Gerry Reno wrote:
Gerry Reno wrote:
> Daniel P. Berrange wrote:
>> On Sat, May 23, 2009 at 03:43:12PM -0400, Gerry Reno wrote:
>>
>>> I upgraded the host from F10 to F11 (x86_64) with no issues. Now when I
>>> start a F10 (i386) guest it runs very very slow. I also see messages on
>>> the guest boot console about "clocksource tsc unstable" and some
kernel
>>> oops. Once it got far enough to start network I logged in and checked
>>> the clocksource and it currently is 'acpi_pm' even though the kernel
>>> line says clocksource=pit.
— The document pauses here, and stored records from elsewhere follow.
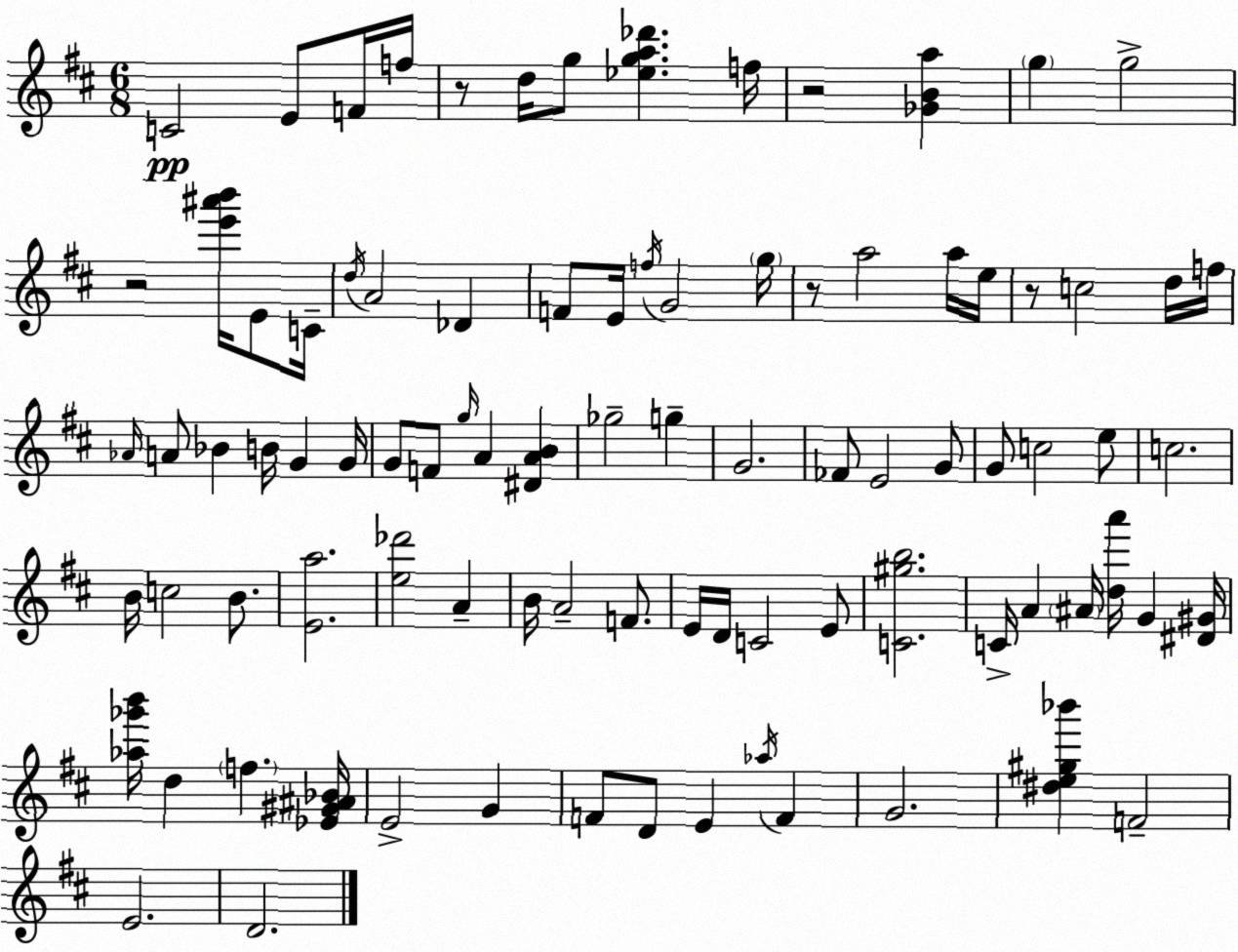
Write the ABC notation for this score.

X:1
T:Untitled
M:6/8
L:1/4
K:D
C2 E/2 F/4 f/4 z/2 d/4 g/2 [_ega_d'] f/4 z2 [_GBa] g g2 z2 [e'^a'b']/4 E/2 C/4 d/4 A2 _D F/2 E/4 f/4 G2 g/4 z/2 a2 a/4 e/4 z/2 c2 d/4 f/4 _A/4 A/2 _B B/4 G G/4 G/2 F/2 g/4 A [^DAB] _g2 g G2 _F/2 E2 G/2 G/2 c2 e/2 c2 B/4 c2 B/2 [Ea]2 [e_d']2 A B/4 A2 F/2 E/4 D/4 C2 E/2 [C^gb]2 C/4 A ^A/4 [da']/4 G [^D^G]/4 [_a_g'b']/4 d f [_E^G^A_B]/4 E2 G F/2 D/2 E _a/4 F G2 [^de^g_b'] F2 E2 D2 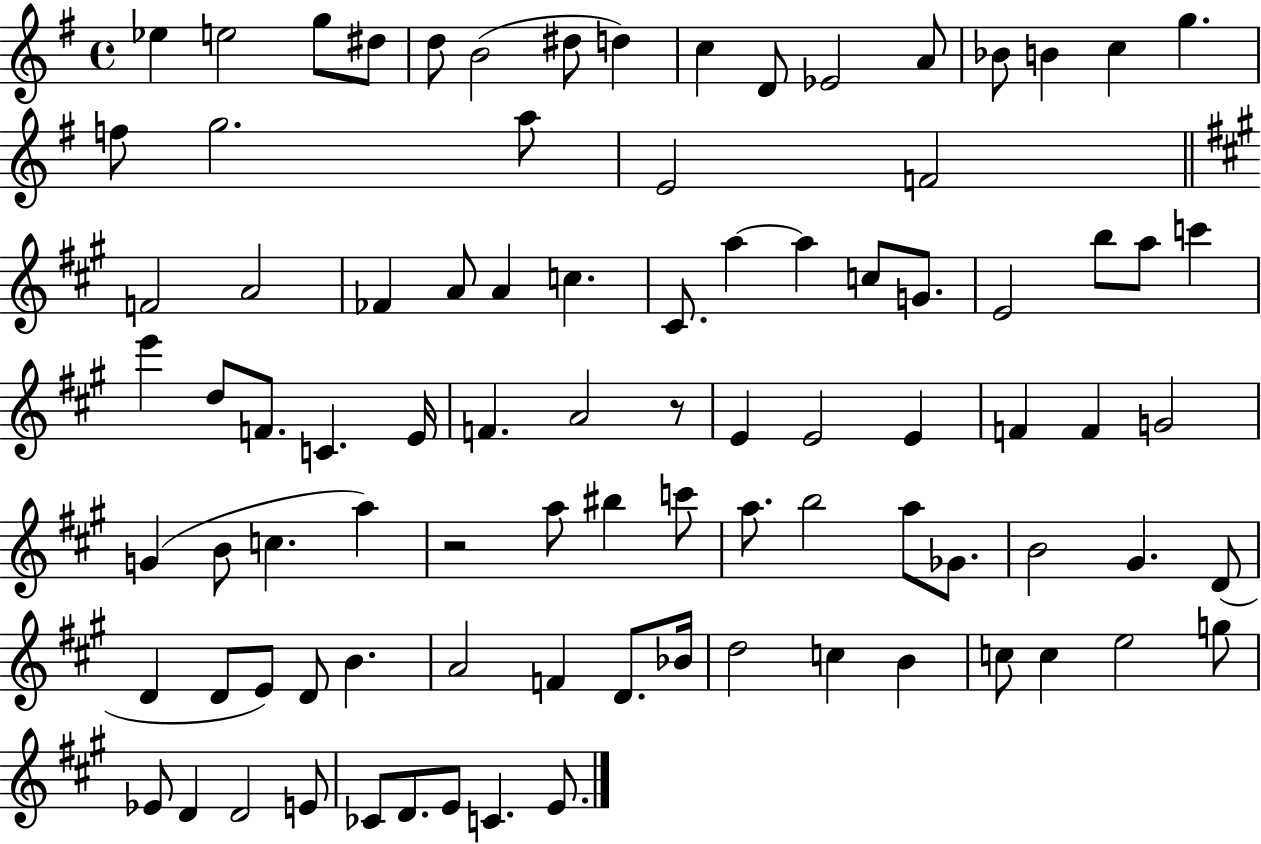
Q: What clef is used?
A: treble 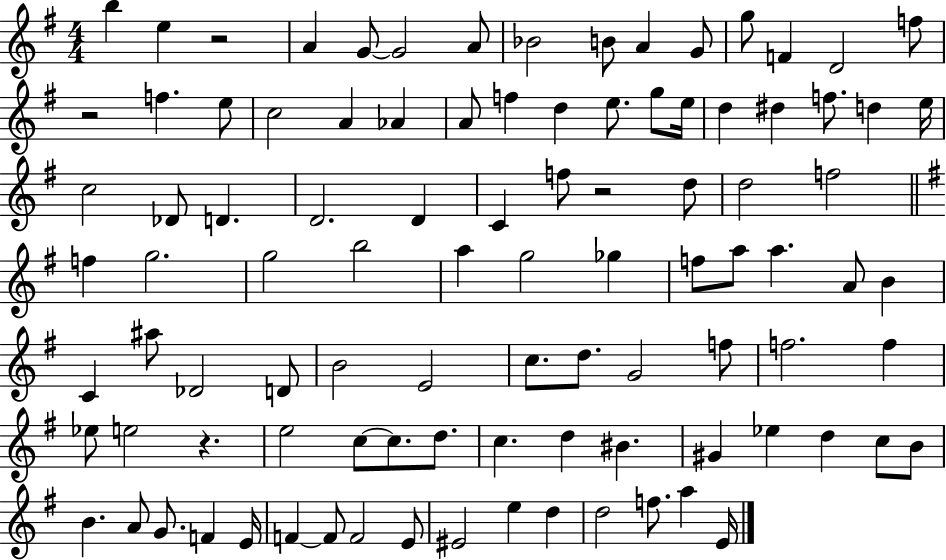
X:1
T:Untitled
M:4/4
L:1/4
K:G
b e z2 A G/2 G2 A/2 _B2 B/2 A G/2 g/2 F D2 f/2 z2 f e/2 c2 A _A A/2 f d e/2 g/2 e/4 d ^d f/2 d e/4 c2 _D/2 D D2 D C f/2 z2 d/2 d2 f2 f g2 g2 b2 a g2 _g f/2 a/2 a A/2 B C ^a/2 _D2 D/2 B2 E2 c/2 d/2 G2 f/2 f2 f _e/2 e2 z e2 c/2 c/2 d/2 c d ^B ^G _e d c/2 B/2 B A/2 G/2 F E/4 F F/2 F2 E/2 ^E2 e d d2 f/2 a E/4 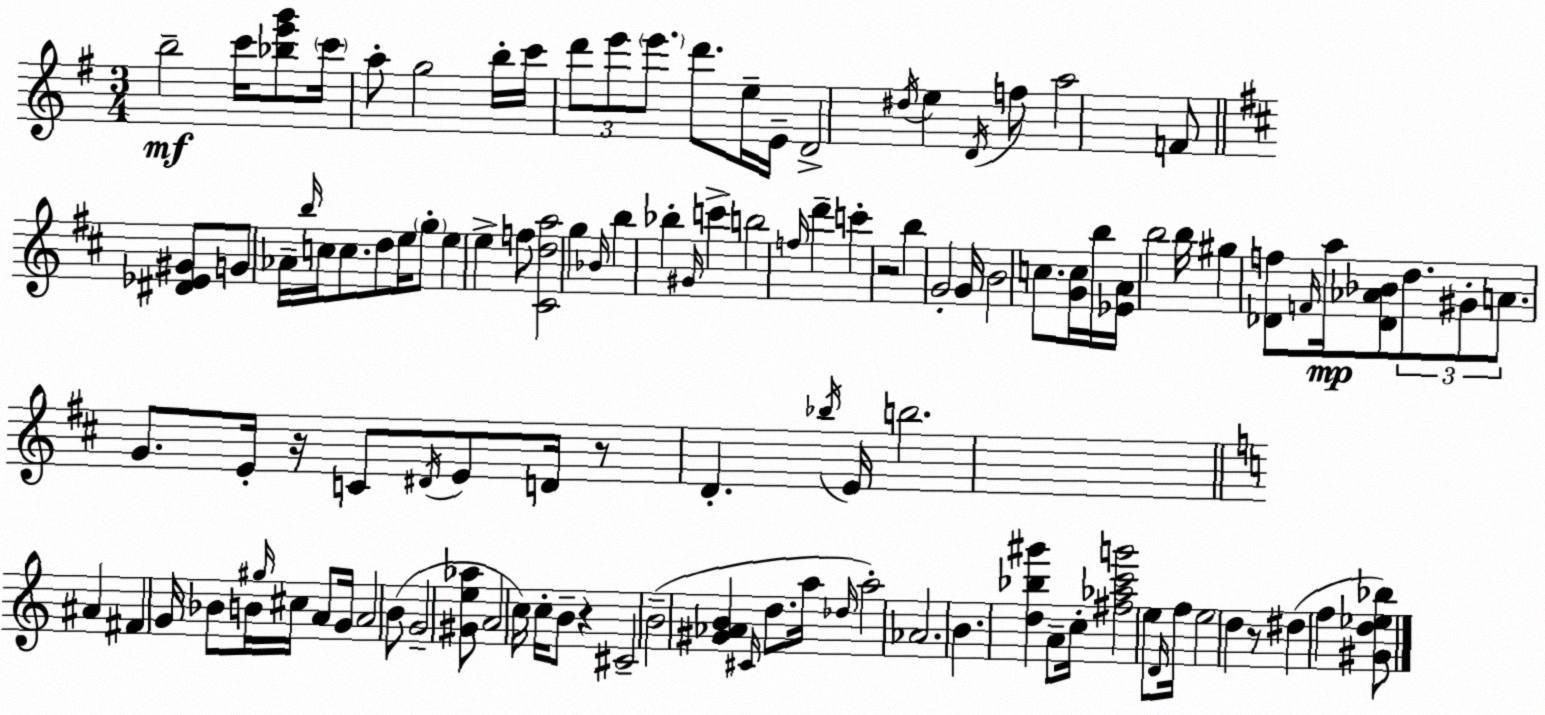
X:1
T:Untitled
M:3/4
L:1/4
K:G
b2 c'/4 [_be'g']/2 c'/4 a/2 g2 b/4 c'/4 d'/2 e'/2 e'/2 d'/2 e/4 E/4 D2 ^d/4 e D/4 f/2 a2 F/2 [^D_E^G]/2 G/2 _A/4 b/4 c/4 c/2 d/2 e/4 g/2 e e f/2 [^Cda]2 g _B/4 b _b ^G/4 c' b2 f/4 d' c' z2 b G2 G/4 B2 c/2 [Gc]/4 b/4 [_EA]/4 b2 b/4 ^g [_Df]/2 F/4 a/4 [_D_A_B]/2 d/2 ^G/2 A/2 G/2 E/4 z/4 C/2 ^D/4 E/2 D/4 z/2 D _b/4 E/4 b2 ^A ^F G/4 _B/2 B/4 ^g/4 ^c/4 A/2 G/4 A2 B/2 G2 [^Ge_a]/2 A2 c/4 c/4 B/2 z ^C2 B2 [^G_AB] ^C/4 d/2 a/4 _d/4 a2 _A2 B [d_b^g'] A/2 c/4 [^f_ac'g']2 e/2 D/4 f/4 e2 d z/2 ^d f [^Gd_e_b]/2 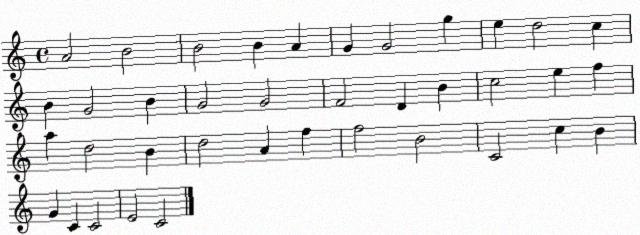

The available clocksources are acpi_pm,
>>> jiffies, and tsc. I do not see 'pit' in the list. How do I fix this
issue?
>>>
>>
>> If the guest runs 'extrememly' slowly then the most like thing is that
>> it has fallen back to using QEMU emulation, instead of KVM hardware
>> acceleration. Check the /var/log/libvirt/qemu/$GUEST.log to see if there
>> is any mesage about not being able to open /dev/kvm. Also make sure that
>> KVM modules are loaded, and that 'virsh capabilities' lists KVM as a
valid
>> domain.
>>
>> Daniel
>>
> Ok, I checked the guest log and it says:
> /dev/kvm: no such file or directory.
>
> So how do I make this node? Shouldn't libvirt have made it for us?
>
Ok, once I got both kernel modules loaded, it created the /dev/kvm
device and now everything runs fine.
Well, not quite so fine. If I reboot the machine then the kvm modules
are no longer loaded. How do I keep these modules loaded?